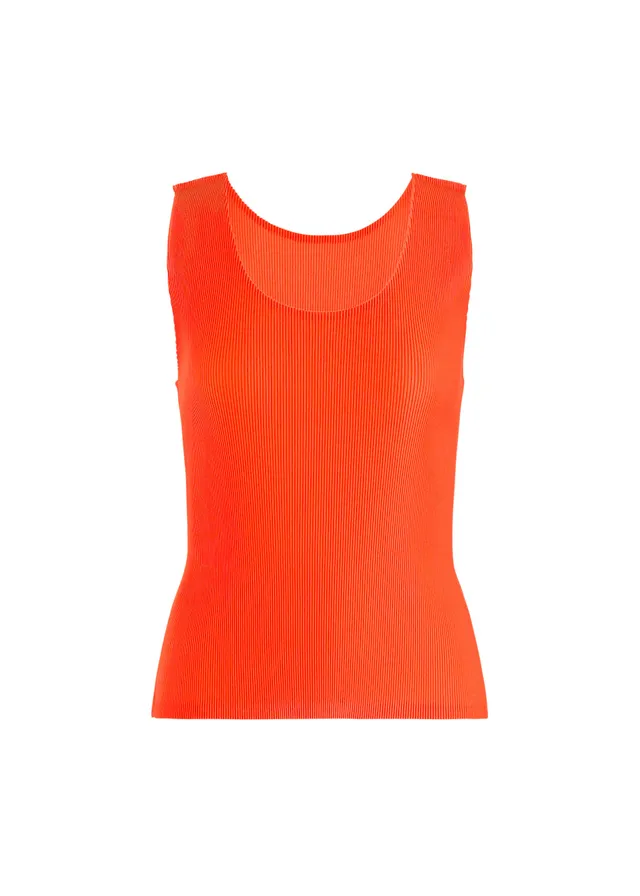Issey Miyake Mist September plisovaný top oranžová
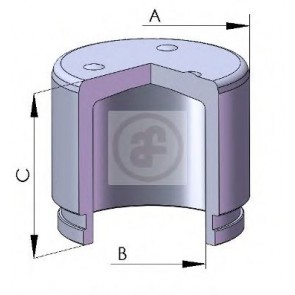 Piston, brake caliper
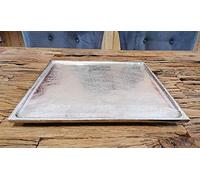 MichaelNoll Assiette décorative en aluminium argenté XL 35 x 35 x 2 cm (35 x 35 x 2 cm)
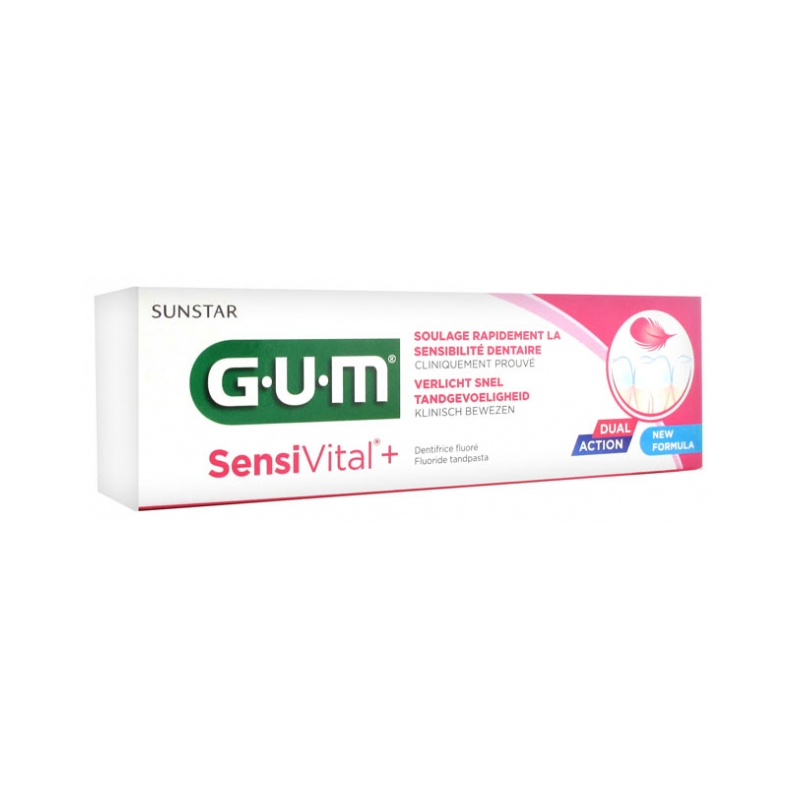 GUM Sensivital+ Dentifrice Fluoré - 75 ml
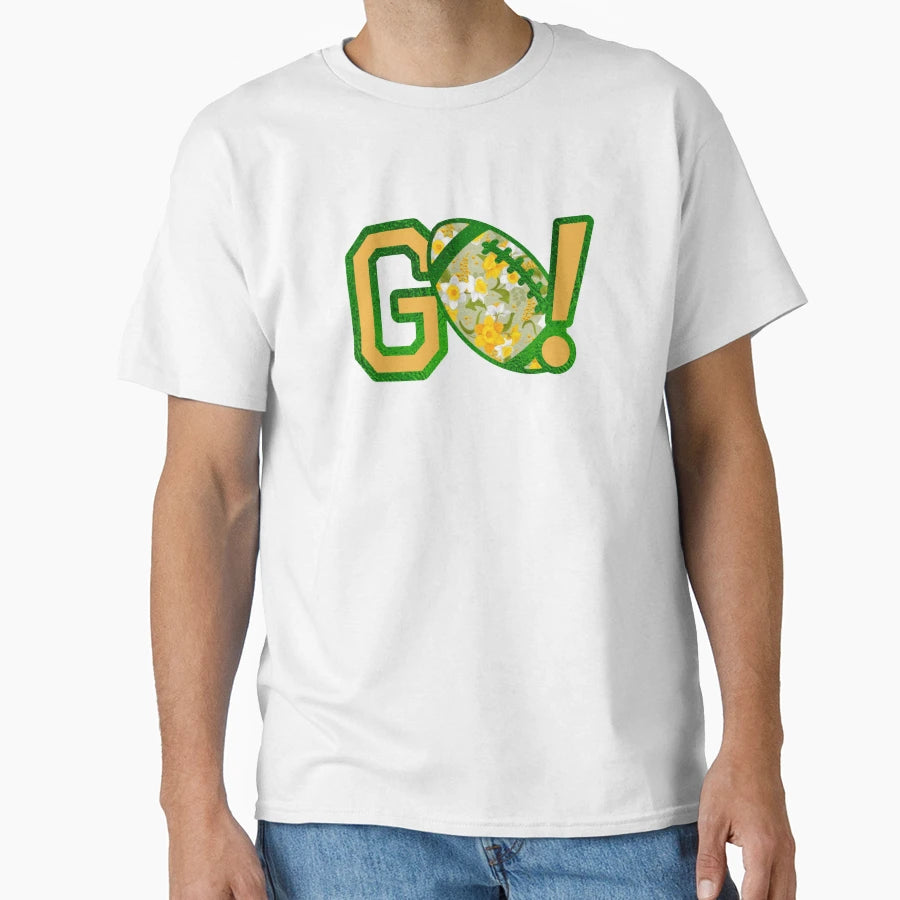 Go Green And Gold 3 T-Shirt - Minimalist Print Men Women - T-Shirt, Sweatshirt, Hoodie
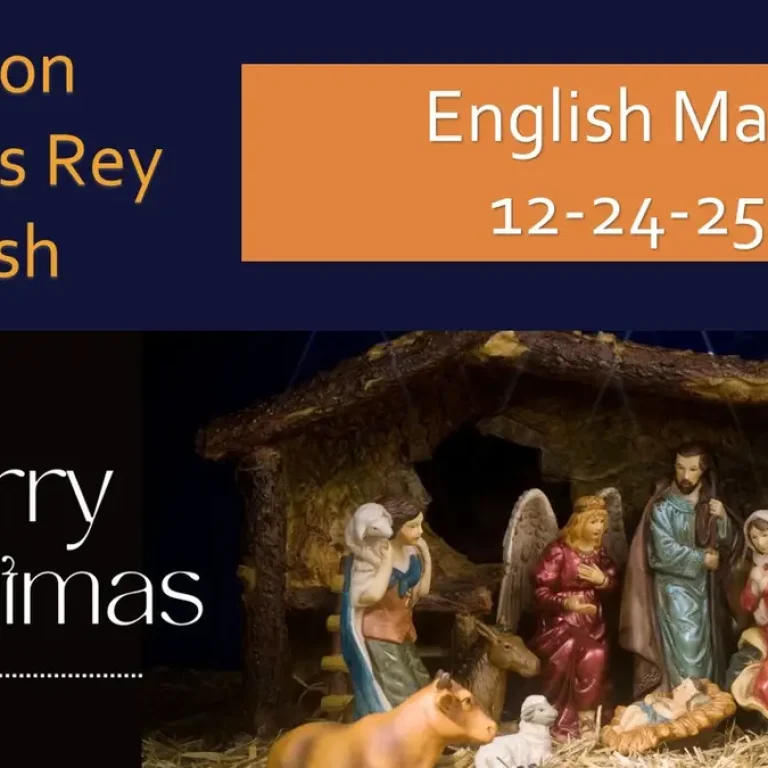 Vigil Mass for Christmas, 4:30 p.m. 12-24-2025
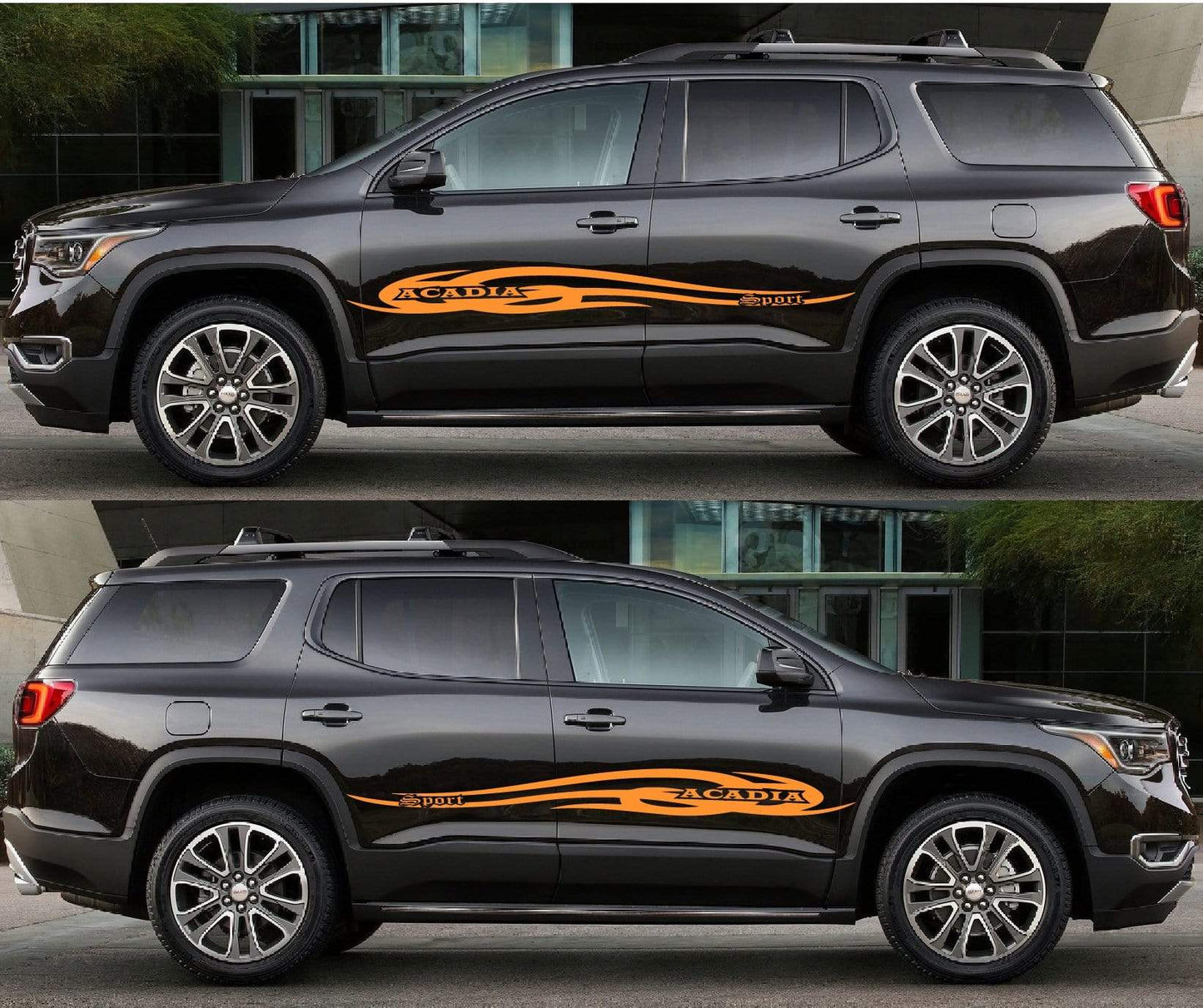 Graphics Line Sticker Vinyl Racing Stripes For GMC Acadia - Brothers-Graphics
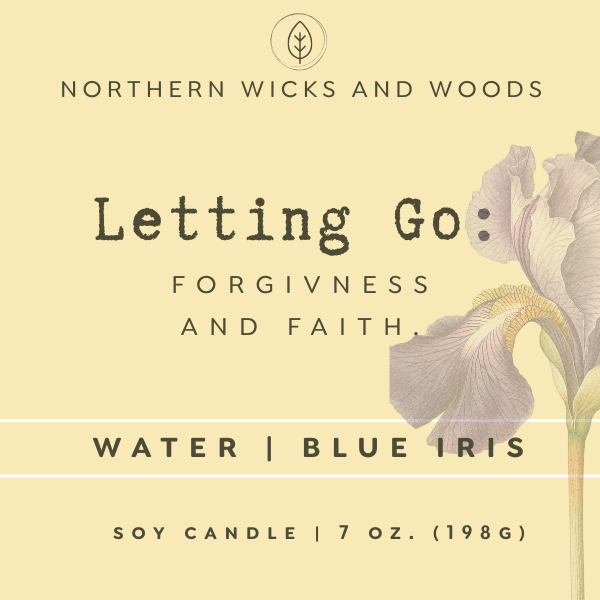 Letting Go : Water and Blue Iris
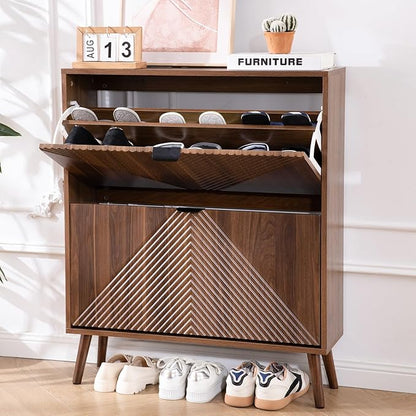 Shoe Cabinet Storage, Farmhouse Freestanding Organizer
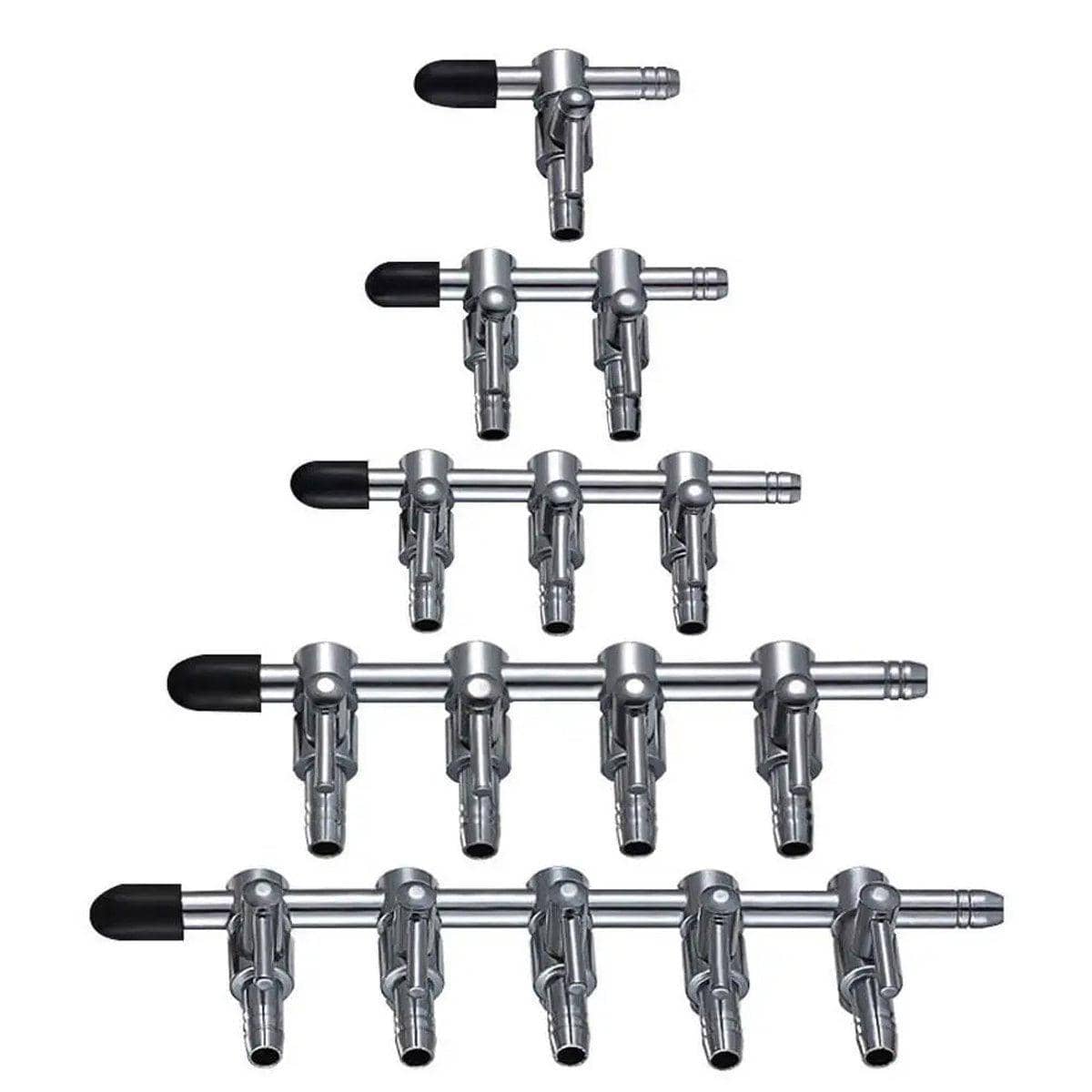 Stainless Steel Aquarium Air Pump Splitter Valve - 1 Outlet, Pack of 4 - view 3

^^^^^^^^

**TASK REQUIREMENTS**.
Each line of the listing is to be retyped exactly, and its pictures are to be dropped.

**ANSWER FOR THE TASK**.
Issey Miyake Mist September plisovaný top oranžová
 Piston, brake caliper
 MichaelNoll Assiette décorative en aluminium argenté XL 35 x 35 x 2 cm (35 x 35 x 2 cm)
 GUM Sensivital+ Dentifrice Fluoré - 75 ml
 Go Green And Gold 3 T-Shirt - Minimalist Print Men Women - T-Shirt, Sweatshirt, Hoodie
 Vigil Mass for Christmas, 4:30 p.m. 12-24-2025
 Graphics Line Sticker Vinyl Racing Stripes For GMC Acadia - Brothers-Graphics
 Letting Go : Water and Blue Iris
 Shoe Cabinet Storage, Farmhouse Freestanding Organizer
 Stainless Steel Aquarium Air Pump Splitter Valve - 1 Outlet, Pack of 4 - view 3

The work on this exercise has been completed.